• [EXERCISE] Copy verbatim the block of lines in the entries below whose first line contains "REPTILE NOVA 5.0 TROPICAL" and whose last line contains "Size: 44 Marimekko". Leave out all other lines.
*** Opening of DATA PROVIDED ***
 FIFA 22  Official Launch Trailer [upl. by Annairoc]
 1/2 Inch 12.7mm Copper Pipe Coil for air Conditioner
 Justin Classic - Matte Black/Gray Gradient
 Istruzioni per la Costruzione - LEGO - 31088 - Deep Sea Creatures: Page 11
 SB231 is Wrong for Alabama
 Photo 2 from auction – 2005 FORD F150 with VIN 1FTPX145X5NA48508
*** Close of DATA PROVIDED ***
*** Opening of DATA PROVIDED ***
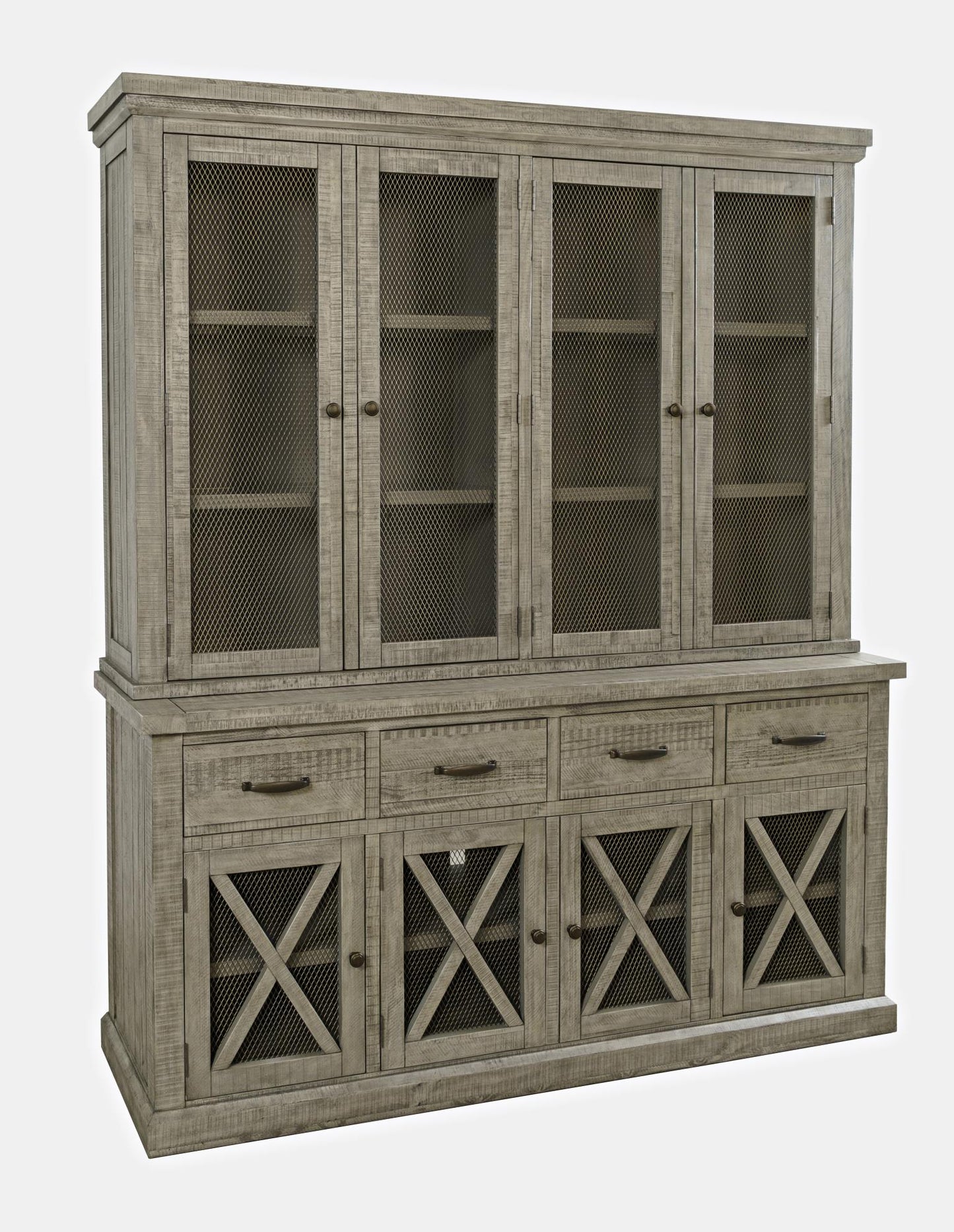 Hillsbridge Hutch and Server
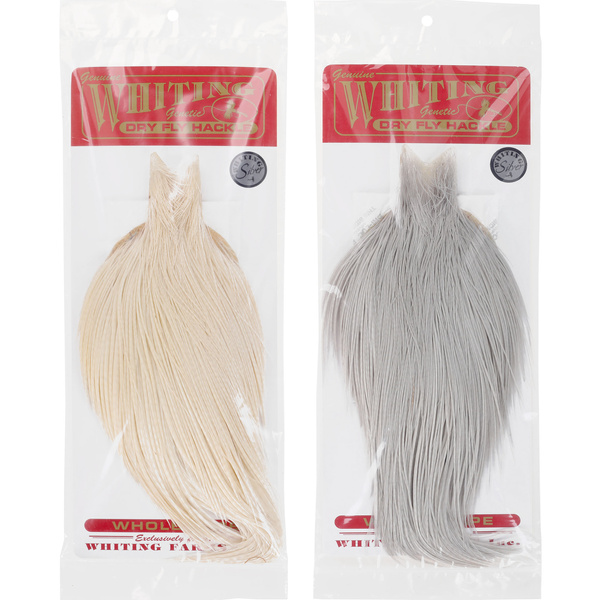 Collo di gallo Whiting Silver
*** Close of DATA PROVIDED ***
*** Opening of DATA PROVIDED ***
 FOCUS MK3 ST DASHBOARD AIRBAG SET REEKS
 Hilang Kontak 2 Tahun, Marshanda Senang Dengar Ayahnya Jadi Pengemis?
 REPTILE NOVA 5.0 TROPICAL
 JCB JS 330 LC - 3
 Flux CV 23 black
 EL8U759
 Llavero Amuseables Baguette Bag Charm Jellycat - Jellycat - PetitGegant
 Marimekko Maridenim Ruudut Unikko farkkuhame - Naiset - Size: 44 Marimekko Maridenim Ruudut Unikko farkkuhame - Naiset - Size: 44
*** Close of DATA PROVIDED ***
• [RESPONSE]
 REPTILE NOVA 5.0 TROPICAL
 JCB JS 330 LC - 3
 Flux CV 23 black
 EL8U759
 Llavero Amuseables Baguette Bag Charm Jellycat - Jellycat - PetitGegant
 Marimekko Maridenim Ruudut Unikko farkkuhame - Naiset - Size: 44 Marimekko Maridenim Ruudut Unikko farkkuhame - Naiset - Size: 44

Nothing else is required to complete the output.